The strategic logic comes down to a problem the AI buildout created. Samsung and rival SK Hynix have redirected wafer capacity toward high-bandwidth memory and the newest DDR5 modules, the chips that feed Nvidia's AI accelerators and the data centers running them. That shift has come at the expense of older parts: output of DDR4 and low-power DDR4 has fallen sharply as manufacturers chase higher margins. With reduced supply, legacy DRAM spot prices have climbed faster than some leading-edge parts, an inversion of the usual order in which older memory gets cheaper as it ages.

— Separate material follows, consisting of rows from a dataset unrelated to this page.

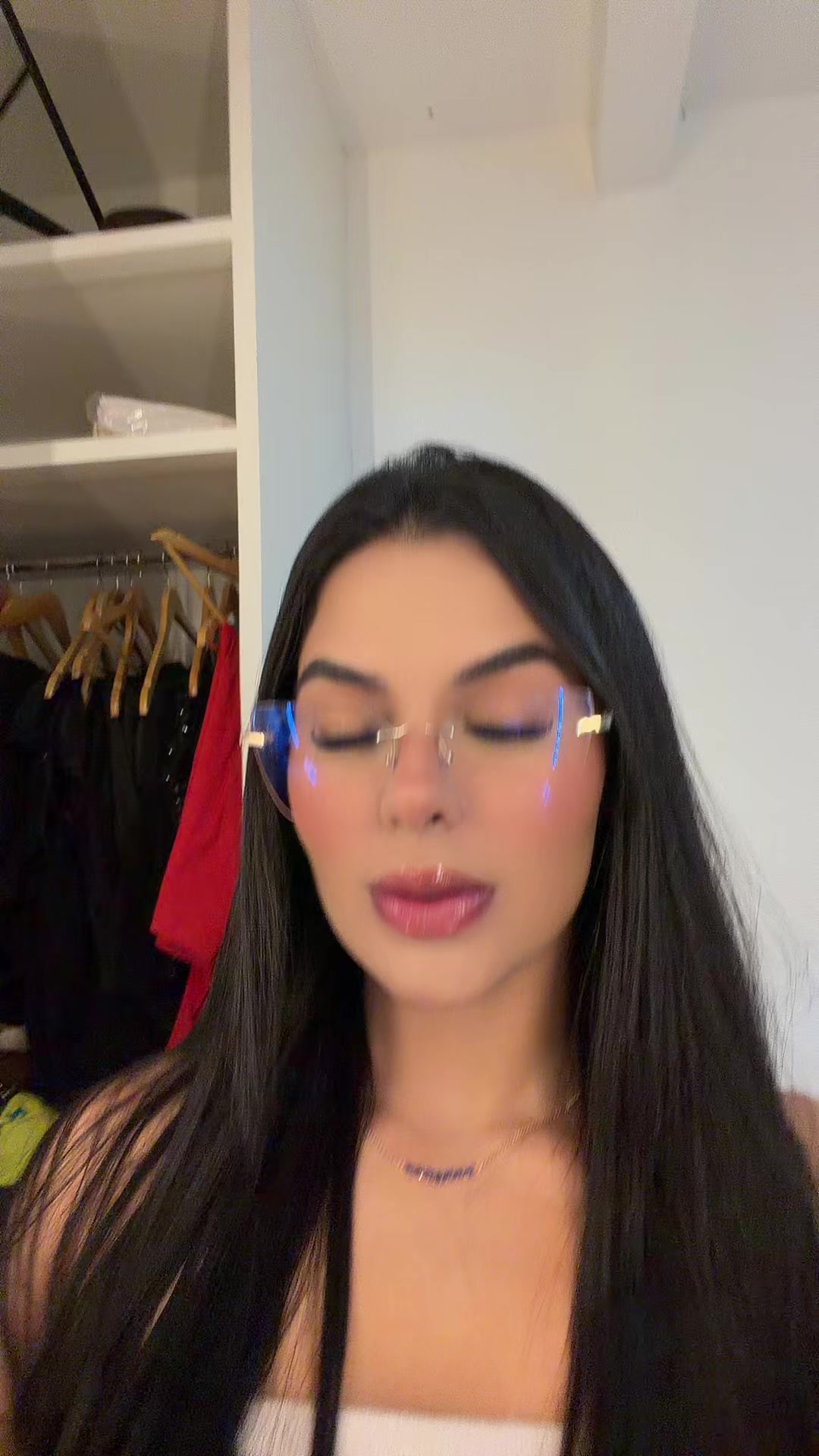@naelypereira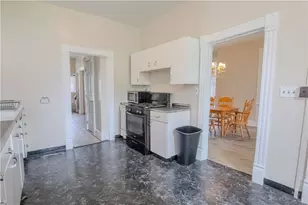 375 N Richhill St, Franklin Township, PA 15370 - Photo 15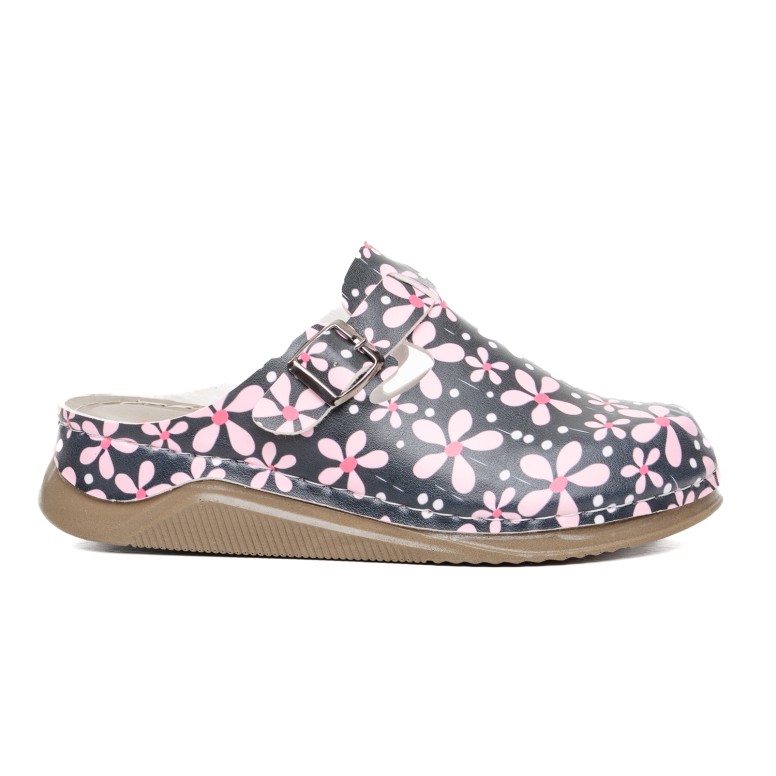 ДАМСКИ ЧЕХЛИ 154546 PRINT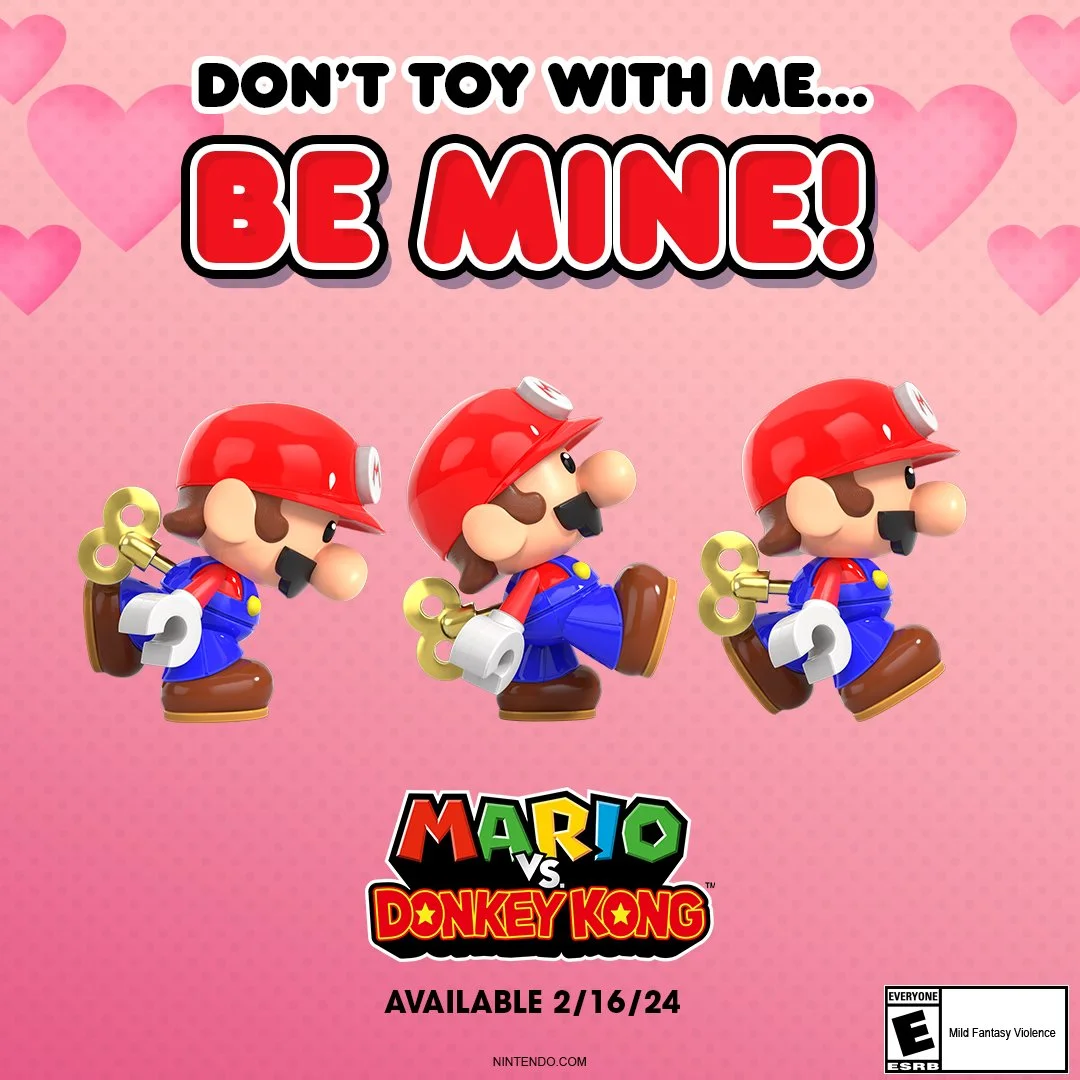 Mini_GetBackHere_Available_Date_v6.jpg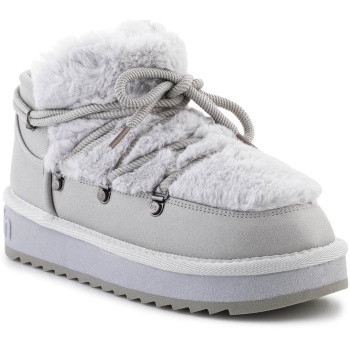 μπότες για σκι d.franklin domyślna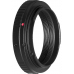  Orion Wide M48 T-ring for Canon EOS Cameras 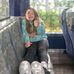Ruby Morgan - Facebook
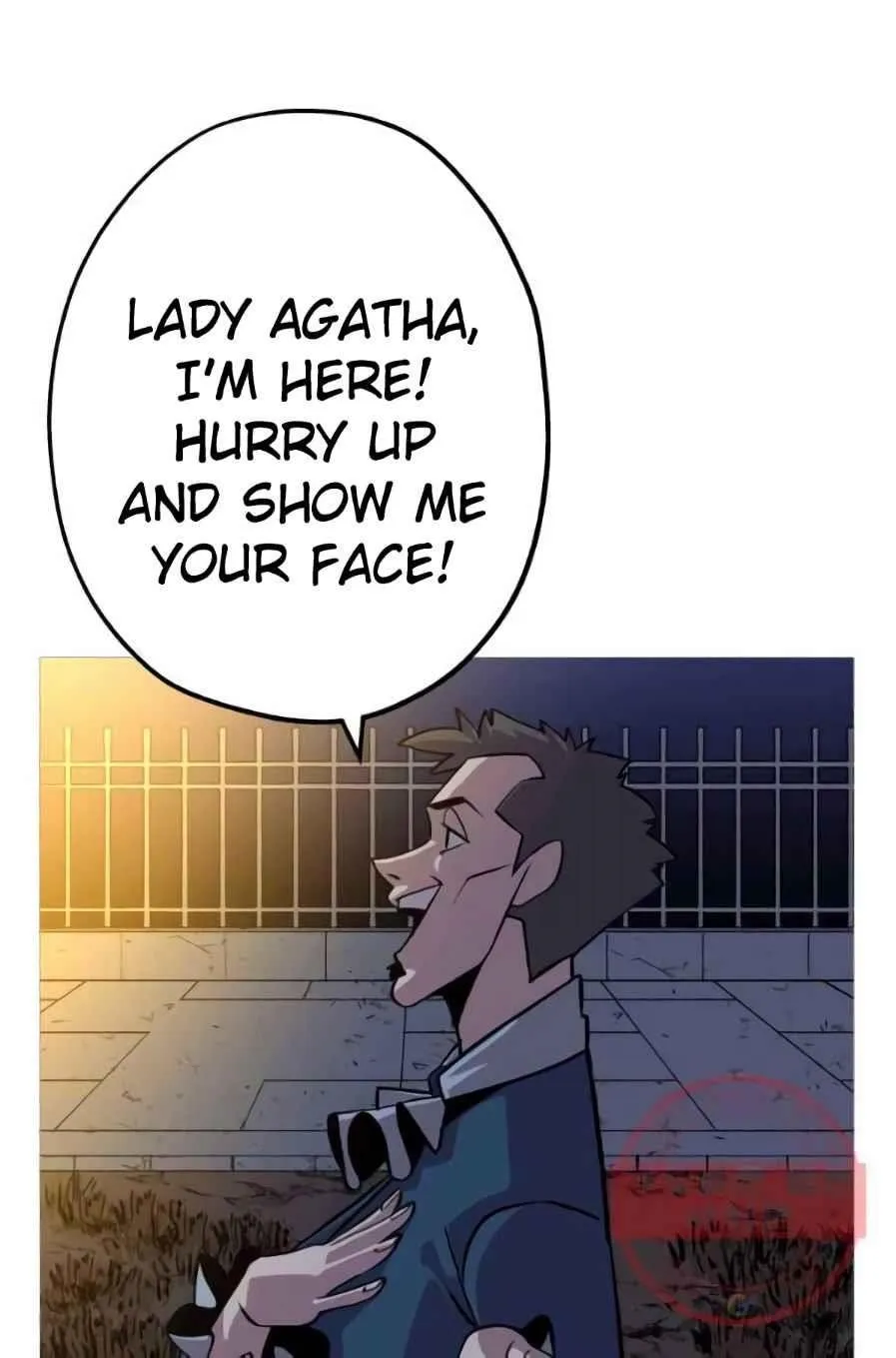Chapter 56, page 10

The squeeze is visible in Samsung's own catalog. In April, the company stopped accepting customer orders for LPDDR4 and LPDDR4X, and it has since marked both products as discontinued on its semiconductor site, repurposing those production lines for faster LPDDR5. The catch is that demand for the older chips has not gone away. Cars, industrial equipment, lower-end consumer electronics, and countless embedded systems still rely on them, leaving a supply gap precisely where Samsung is pulling back.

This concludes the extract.